Don't assume your case is straightfoward or easily resolved, and don't expect the strapped agencies to resolve it for you, since this wasn't true when there wasn't a budget crisis. The practical function of these agencies, who get literally thousands of claims each year and can't possibly investigate them all, is mostly to issue "right to sue" letters, which then allow a claimant to file a lawsuit.
You should see a lawyer before you file this claim with either the state or federal agency, because the wording can prejudice you claim if you don't do it correctly, and the choice of which agency to use may matter. You'll need an employment litigator anyway, so see one now.
To prepare for meetings with lawyers, compile copies of all the documents that relate to your claim, and draft a timeline that lists everything that happened to you from the day you were hired on, including all witnesses and their contact information and each significant event.

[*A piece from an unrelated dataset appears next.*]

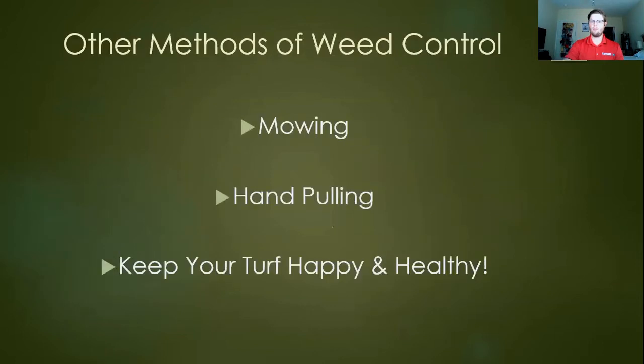Some other methods for weed control: mowing, especially for perennial weeds, depletes underground resources through frequent mowing. Hand pulling is great — it's always best to get on top of a new invasion as quickly as possible. If you see something pop up that you haven't seen before, go ahead and pull it up. Don't give it time to gain purchase and get established. And to underscore the mantra: keep your turf happy and healthy, well-watered, well-fertilized, well-mowed, and you won't have to worry about it as much.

I'm only licensed in CA. Please note that this answer does not constitute legal advice, and should not be relied on, since each state has different laws, each situation is fact specific, and it is impossible to evaluate a legal problem without a comprehensive consultation and review of all the facts and documents at issue. This answer does not create an attorney-client relationship.

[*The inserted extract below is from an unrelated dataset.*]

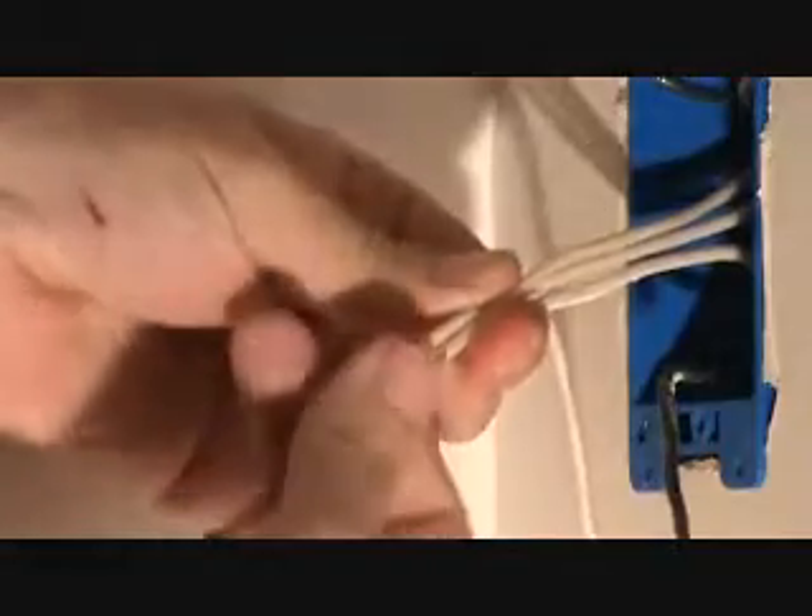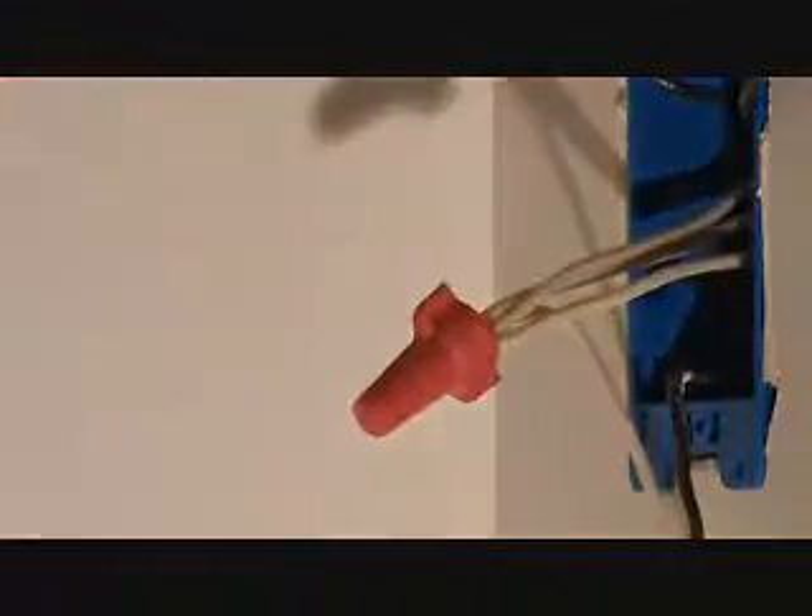Let's hold these wires up and get them all kind of bunched up together. Now you can get your wire nut on there — twist it on, making sure you're grabbing all four of those wires. Twist that on. That's why I like these little ears; you can really twist it on there. I couldn't do that with the other one.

In addition to the good advice offered you by the two attorneys above, I would only add as has been pointed out that most Plaintiff's lawyers prefer to file with DFEH and obtain a Right to Sue in the State courts. The reason for this is that Federal Court procedures can work against a Plaintiff. For instance, usually in State Court your attorney will have the right to question and participate in the selection of jurors, that right is generally restricted in Federal Courts, additionally, in order to prevail in State Court you need to have a majority of the jurors vote in your favor while in Federal court a unanimous verdict is required. This means in a Federal case that the defendant needs to convince only one juror that your case in not credible. Again, as previously stated, see an employment attorney......most will not charge for a consultation and the advice and insights gained could be invaluable.
Please be aware that this response is given to a general question and does not establish an attorney client relationship between you and the attorney furnishing such response.